Could Agile and DevOps be to blame for banking IT failures?

Source – computerweekly.com

This is controversial and feel free to air your views or even vent your anger.

During a conversation about the TSB IT disaster a contact of mine, a senior IT professional in banking, asked a question about the link between Agile and DevOps development methods and the bank IT failures in recent years.  Legacy systems are usually blamed, but what is the role of Agile and DevOps when things go wrong?

I would be interested in hearing from other experts so please send you ideas.

This is what my contact said: “Regarding big bank systems failures in the last few years – I have been wondering for some time if there is a connection with the recent growth of agile and DevOps in banking IT.

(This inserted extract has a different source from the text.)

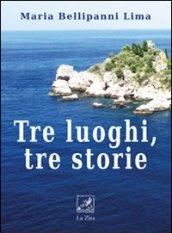 Tre luoghi, tre storie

In the old days systems were fully designed in advance so you could take everything into account before writing the code. Agile is just a polite way of saying everyone is playing it by ear and making it up as they go along because they don’t really know what they are building. In the past there was a strong control point between development and production so that operations could check out a system very thoroughly before letting it go live. With Agile methods undermining the full design process and devops eroding the ‘go live’ gateway, I am wondering if these new approaches have introduced systems problems that might not have arisen doing it the old fashioned way.

Taking into account the cost of such failures and consequential impact, the old fashioned ways might be cheaper overall. Hence why clunky old legacy systems in PL/1 and COBOL on mainframes generally work ok and have been around for 40 years in some cases.”